Complete step-by-step answer:
The compound interest is the concept where the interest is added into the principal and in the next compound period the new principal is the sum of old principal and accumulated interest. \[\]
We shall denote the original principal sum as $P$, the overall compound period as $t$, the rate of interest per time period as $r$, the number of compound periods or frequency as $n$ and the amount accumulated after the time period $nt$ as $A$. Then we know from the formula of compound interest,
\[A=P{{\left( 1+\dfrac{r}{n} \right)}^{nt}}\]
The compound interest $I$ generated after time period $nt$ is given by
\[I=A-P\]

We find from the given data in the question that we have to calculate compound interest $I$. We first need to find the accumulated amount $A$. We put the principal $P=150000$, the rate of interest $r=10%=0.01$, the number of compound periods $n=1$ year and finally the overall time period $t=2$ in the compound interest formula to get,
\[A=15000{{\left( 1+\dfrac{0.1}{1} \right)}^{1\times 2}}=15000\times {{1.1}^{2}}=18510\text{Rs}\]

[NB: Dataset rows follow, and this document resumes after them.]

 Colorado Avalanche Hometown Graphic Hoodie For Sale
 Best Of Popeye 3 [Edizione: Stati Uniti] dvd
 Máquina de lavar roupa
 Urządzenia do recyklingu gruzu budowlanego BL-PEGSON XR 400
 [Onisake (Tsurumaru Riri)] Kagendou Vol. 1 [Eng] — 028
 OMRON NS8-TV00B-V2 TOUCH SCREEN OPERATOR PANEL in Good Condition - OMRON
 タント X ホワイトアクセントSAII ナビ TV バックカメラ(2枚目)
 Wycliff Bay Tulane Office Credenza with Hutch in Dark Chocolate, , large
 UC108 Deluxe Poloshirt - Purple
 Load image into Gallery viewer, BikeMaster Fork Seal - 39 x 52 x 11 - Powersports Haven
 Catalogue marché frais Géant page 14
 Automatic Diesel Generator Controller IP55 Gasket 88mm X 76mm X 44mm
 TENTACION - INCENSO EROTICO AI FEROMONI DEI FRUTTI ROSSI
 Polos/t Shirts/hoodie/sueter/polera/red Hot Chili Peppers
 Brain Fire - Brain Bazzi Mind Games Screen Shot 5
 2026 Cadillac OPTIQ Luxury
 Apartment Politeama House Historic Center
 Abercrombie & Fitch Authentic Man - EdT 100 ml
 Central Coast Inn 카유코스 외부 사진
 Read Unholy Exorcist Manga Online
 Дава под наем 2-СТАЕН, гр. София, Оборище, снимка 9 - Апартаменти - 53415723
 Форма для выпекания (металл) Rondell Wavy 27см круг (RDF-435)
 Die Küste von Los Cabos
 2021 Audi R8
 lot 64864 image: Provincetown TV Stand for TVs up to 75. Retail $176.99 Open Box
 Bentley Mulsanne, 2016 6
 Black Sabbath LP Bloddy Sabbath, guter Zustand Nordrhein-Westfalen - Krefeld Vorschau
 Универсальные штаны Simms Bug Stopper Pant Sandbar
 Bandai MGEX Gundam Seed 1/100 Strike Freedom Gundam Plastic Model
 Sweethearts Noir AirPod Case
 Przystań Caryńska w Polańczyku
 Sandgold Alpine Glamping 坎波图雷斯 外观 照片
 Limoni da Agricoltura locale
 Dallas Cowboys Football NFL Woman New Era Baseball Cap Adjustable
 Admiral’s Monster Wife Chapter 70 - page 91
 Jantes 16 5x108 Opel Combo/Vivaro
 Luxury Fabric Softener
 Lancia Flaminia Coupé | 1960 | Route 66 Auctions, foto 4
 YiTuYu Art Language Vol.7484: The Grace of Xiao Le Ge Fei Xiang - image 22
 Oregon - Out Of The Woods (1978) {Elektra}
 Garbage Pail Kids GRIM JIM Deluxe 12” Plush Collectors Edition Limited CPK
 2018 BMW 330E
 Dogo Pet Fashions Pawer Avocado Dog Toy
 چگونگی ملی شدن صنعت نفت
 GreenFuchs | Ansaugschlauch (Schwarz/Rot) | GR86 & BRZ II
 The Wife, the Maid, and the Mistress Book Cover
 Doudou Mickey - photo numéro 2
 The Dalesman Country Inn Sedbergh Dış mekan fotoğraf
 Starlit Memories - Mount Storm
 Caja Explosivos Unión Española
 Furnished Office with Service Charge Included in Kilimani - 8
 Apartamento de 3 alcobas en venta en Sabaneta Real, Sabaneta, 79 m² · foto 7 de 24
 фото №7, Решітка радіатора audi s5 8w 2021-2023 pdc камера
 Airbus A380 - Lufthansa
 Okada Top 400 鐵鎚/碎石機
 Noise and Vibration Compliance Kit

The compound interest $I$ generated after time period 2 years is ,
\[I=18510-15000=3510\text{Rs}\]

Note: We need to be careful of the difference between compound interest and simple interest whose formula is $A=P\left( 1+rt \right)$ where the compound frequency is always 1. We use the formula $P\left( t \right)={{P}_{0}}{{e}^{rt}}$ (${{P}_{0}}$ is the initial amount and $e$ is the base of natural logarithm) when the compound period is infinitely small .